Quais são as principais mudanças aprovadas?

  • Setores de Clubes Norte e Sul: criação de lotes
  • W2 Sul: mudanças no traçado
  • Noroeste: desconstituição de lotes – mesmo em área de relevante interesse ecológico
  • Setor de Embaixadas Norte e Sul: construção de comércios varejistas que vendam alimentos, bebidas e cigarro. Também serão autorizadas lojas de materiais de construção
  • Setor Hoteleiro Norte e Sul: construção de prédios mais altos, a poucos metros da Esplanada dos Ministérios. Os hotéis mais baixos poderão chegar a 35m de altura, passando de 3 para 12 andares
  • Final da Asa Sul: libera lojas, restaurantes e um camping no gramado que fica no fim do Eixão Sul, perto do viaduto da L4 Sul
  • Quadras 700 e 900 Sul e Norte: possibilidade de construção de pousadas, apart-hotéis, hotéis e motéis

O Instituto do Patrimônio Histórico e Artístico Nacional (Iphan) disse em nota que analisou todo o projeto e que fez recomendações ao GDF. O presidente do instituto, Leandro Grass, diz que a entidade não atua como órgão de controle urbano porque não exerce controle administrativo ou político sobre o GDF. “O papel do Iphan e a posição da instituição é de que Brasília precisa ser cuidada. As intervenções em Brasília precisam considerar, sim, as necessidades da população e um plano não pode ser apenas um conjunto de regras, um plano precisa ter metas, estratégias, objetivos e prazos”, diz o presidente do Iphan.

 

Polêmicas

O secretário de Desenvolvimento Urbano e Habitação, Marcelo Vaz, afirmou que a pasta realizou um estudo técnico detalhado sobre as mudanças. Segundo o secretário, os “pontos polêmicos” do projeto foram retirados para viabilizar a aprovação da proposta. Alterações na quadra 901 Norte, por exemplo, foram retiradas do PPCUB.

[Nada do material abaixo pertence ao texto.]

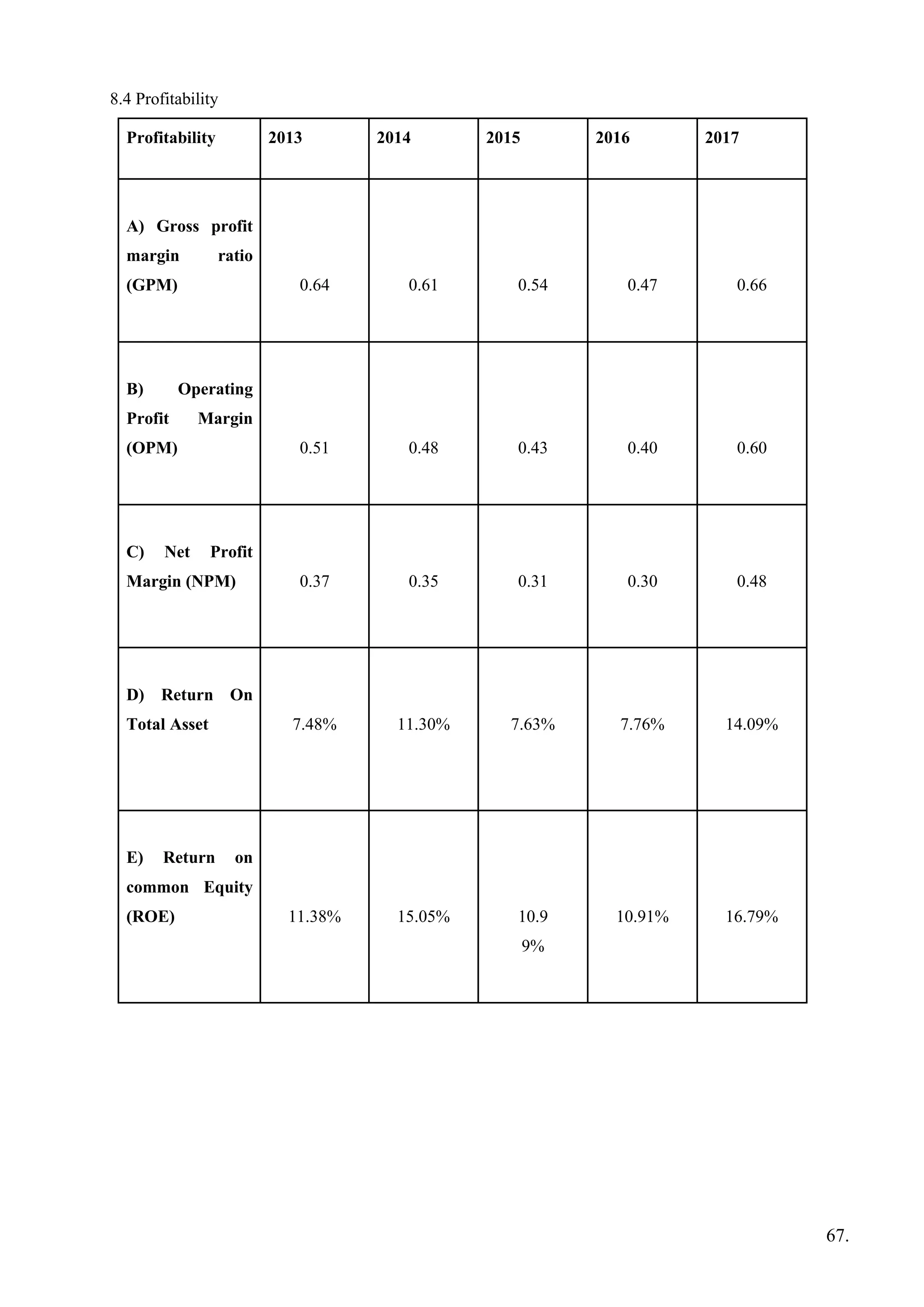 8.4 Profitability
Profitability 2013 2014 2015 2016 2017
A) Gross profit
margin ratio
(GPM) 0.64 0.61 0.54 0.47 0.66
B) Operating
Profit Margin
(OPM) 0.51 0.48 0.43 0.40 0.60
C) Net Profit
Margin (NPM) 0.37 0.35 0.31 0.30 0.48
D) Return On
Total Asset 7.48% 11.30% 7.63% 7.76% 14.09%
E) Return on
common Equity
(ROE) 11.38% 15.05% 10.9
9%
10.91% 16.79%
67.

Sobre o aumento dos prédios no Setor Hoteleiro, o secretário diz que a alteração não prejudica a paisagem do local, visto que já existem edificações altas na região. Sobre o impacto nas vagas para veículos, Marcelo Vaz afirma que deve ser feito um estudo de sistema viário que ateste que o aumento dos prédios não causará prejuízos no trânsito.

“Os deputados se preocupavam com a usurpação de poderes da Câmara Legislativa. Isso não existe. Inclusive, todas as emendas de redação que foram feitas pra esclarecer que as competências continuam as mesmas, a lei orgânica continua sendo soberana, foram acatadas e vão passar a fazer parte do PPCUB” – Marcelo Vaz, em entrevista para a Globo.

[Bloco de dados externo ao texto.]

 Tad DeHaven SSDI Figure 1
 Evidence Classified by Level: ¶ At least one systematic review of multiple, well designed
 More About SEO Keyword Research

Durante a sessão da CLDF, na tarde desta quarta (20), também foi retirada uma emenda que autorizava a concessão do autódromo Nelson Piquet para a iniciativa privada. O autódromo continua com o Banco Regional de Brasília (BRB).

 

Título de Patrimônio Cultural da Humanidade

A especialista Luiza Coelho, conselheira do Instituto de Arquitetos do Brasil (IAB-DF), alerta para as mudanças propostas na matéria, que podem afetar o título da capital de Patrimônio Cultural da Humanidade. “Se aprovado da forma que está, sem debates, sem outras atividades, centralizando poder numa única pasta, sem comitê gestor, sem participação da sociedade civil organizado, a gente corre risco de perder o título de patrimônio mundial”, diz a conselheira.

Brasília foi reconhecida como Patrimônio Cultural da Humanidade em 1987. Naquele ano, a Muralha da China também obteve o mesmo título. Desde então, a capital federal detém uma das maiores áreas tombadas do mundo (112,5 km²).

O secretário de Desenvolvimento Urbano e Habitação, Marcelo Vaz, declara que não há possibilidade de Brasília perder seu título. “O texto foi todo pensado com diretrizes de preservação, há uma parte específica que coloca tudo aquilo que tem que ser seguido pra que Brasília continue com o título, continue sendo esse maior sítio urbano tombado do mundo”, fala Marcelo Vaz.

Já os deputados da oposição apontaram a complexidade da matéria. “Esse projeto mexe com questões estruturais da cidade. Foram 170 emendas apresentadas. É impossível ler o relatório e todas as emendas em apenas um dia”, disse Fábio Félix (Psol).